Satu bahasa punah setiap 14 hari. Sebelum abad berganti, hampir setengah dari sekitar 7.000 bahasa yang dipakai di bumi mungkin akan punah, karena masyarakat mengganti bahasa ibunya dengan bahasa Inggris, Mandarin, atau Spanyol. Apa yang hilang ketika suatu bahasa lenyap?

Oleh Russ Rymer
Foto Oleh Lynn Johnson

Ahli bahasa telah mengidentifikasi banyak titik-utama bahasa yang tinggi tingkat keanekaragaman linguistik dan jumlah bahasa yang terancamnya (lihat peta, halaman 90-91). Banyak dari tempat ini yang merupakan tempat yang paling sulit didatangi di dunia, dan biasanya alamnya juga paling keras—seperti Arunachal Pradesh. Aka dan bahasa sekitarnya terlindung karena Arunachal Pradesh merupakan wilayah tertutup bagi orang luar. Jadi budaya mikronya yang rapuh terhindar dari arus tenaga kerja imigran, modernisasi.

Kehidupan kemasyarakatan di Palizi diatur melalui cerita mite dan legenda yang berisi pelajaran akhlak. Kisah-kisah semacam ini diceritakan oleh para tetua dalam bahasa Aka yang sangat formal sehingga orang muda tidak memahaminya. Di daerah terpencil sekalipun, anak muda semakin meninggalkan bahasa ibunya akibat bahasa Hindi di televisi dan bahasa Inggris di sekolah. Sekarang jumlah penutur Aka kurang dari 2.000, termasuk dalam daftar bahasa yang terancam punah.

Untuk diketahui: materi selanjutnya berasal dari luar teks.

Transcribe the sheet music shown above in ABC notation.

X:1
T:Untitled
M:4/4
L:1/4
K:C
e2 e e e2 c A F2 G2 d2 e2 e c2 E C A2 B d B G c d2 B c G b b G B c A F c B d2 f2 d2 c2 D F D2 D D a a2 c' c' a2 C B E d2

Suatu malam di Palizi, saya bersama Harrison, Anderson, dan seorang ahli bahasa India duduk bersila mengelilingi tungku di rumah Pario Nimasow, guru berusia 25 tahun di sekolah Yesuit itu. Setelah makan malam Nimasow menghilang sejenak dan kembali membawa bungkusan katun putih kotor. Di dalamnya ada beberapa azimat: rahang harimau, rahang sanca, rahang-bawah ikan sungai bergigi tajam, kristal kuarsa, dan barang lain yang biasa dimiliki dukun. Buntalan ini milik ayah Nimasow sampai dia meninggal pada 1991. “Bapak saya pendeta,” kata Nimasow. Dan sekarang? tanya saya. Apakah dia akan meneruskan tradisi itu? Nimasow menatap azimat itu dan menggeleng. Dia mewarisi peralatan, tetapi dia tidak tahu mantranya; ayahnya meninggal sebelum mengajarinya. Tanpa kata-kata, daya magis pepunden tersebut tidak bisa dikeluarkan.

Harrison mengingatkan kepada saya bahwa sekitar 85 per­sen bahasa di dunia belum terdokumentasikan. Pengetahuan itu dapat memperkaya pemahaman kita tentang sifat universal semua bahasa.

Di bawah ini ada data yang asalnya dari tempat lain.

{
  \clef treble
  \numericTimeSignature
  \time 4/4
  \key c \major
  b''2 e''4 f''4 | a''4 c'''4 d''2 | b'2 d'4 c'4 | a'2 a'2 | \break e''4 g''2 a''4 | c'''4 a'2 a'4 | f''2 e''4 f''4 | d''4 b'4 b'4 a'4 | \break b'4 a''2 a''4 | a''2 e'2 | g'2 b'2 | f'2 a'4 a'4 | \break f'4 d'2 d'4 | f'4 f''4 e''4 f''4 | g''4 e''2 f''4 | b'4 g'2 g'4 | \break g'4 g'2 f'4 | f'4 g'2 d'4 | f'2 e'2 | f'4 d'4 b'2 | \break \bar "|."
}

Setiap bahasa menyoroti pengalaman manusia yang berbeda, mengungkapkan berbagai aspek kehidupan yang cenderung kita anggap tetap dan universal, seperti pemahaman kita tentang waktu, jumlah, atau warna. Dalam bahasa Tuva, misalnya, masa lalu selalu disebut sebagai di depan, dan masa depan berada di belakang. “Kami tidak bisa berkata, ‘Ke depan, saya akan melakukan sesuatu,’” kata seorang Tuva kepada saya. Malah, dia berkata, “Ke belakang, saya akan melakukan sesuatu.” Sangat masuk akal jika kita memikirkannya dengan cara Tuva: Jika masa depan berada di hadapan kita, bukankah dapat kita lihat dengan jelas?

Jika bahasa Aka, atau bahasa apa pun, digantikan dengan bahasa baru yang lebih berguna secara universal, kematian bahasa itu dapat mengguncang fondasi suku. “Bahasa Aka merupakan identitas kami,” kata seorang penduduk desa. “Tanpa itu, apa bedanya kami de­ngan suku lainnya?” Namun, haruskah seluruh dunia juga turut berduka? Sulit mengajukan pertanyaan ini dalam bahasa Aka, yang tampaknya tidak memiliki satu kata pun untuk dunia. Namun, orang Aka mungkin mengajukan jawaban, yang terejawan­tah dalam konsep mucrow. Konsep tentang penghargaan terhadap tradisi, pengetahuan turun-temurun, keyakinan bahwa orang tua nan lemah punya se­suatu yang dapat diajarkan kepada pemuda yang kelak memandu hidup generasi selanjutnya.

Seri

Kearifan Hant Iiha Cöhacomxoj

Hancurnya keanekaragaman hayati dunia yang sedang terjadi merupakan metafora yang tepat bagi krisis kepunahan bahasa. Lenyapnya suatu bahasa berarti lenyap pula pengetahuan yang sama berharganya dengan obat ajaib masa depan yang mungkin raib ketika ada spesies yang punah. Bahasa kecil, melebihi bahasa besar, menyimpan kunci untuk membuka rahasia alam, karena penuturnya cenderung hidup a­krab dengan tanaman dan hewan di sekitar mereka, dan pembicaraan mereka mencerminkan pengamatan tersebut. Ketika komunitas kecil me­ninggalkan bahasanya dan beralih menggunakan bahasa Inggris atau Spanyol, ba­nyak kekayaan tradisi yang tidak terwariskan ke generasi selanjutnya—mengenai tanaman obat, budi daya tanaman pangan, teknik irigasi, sistem navigasi, kalender musiman.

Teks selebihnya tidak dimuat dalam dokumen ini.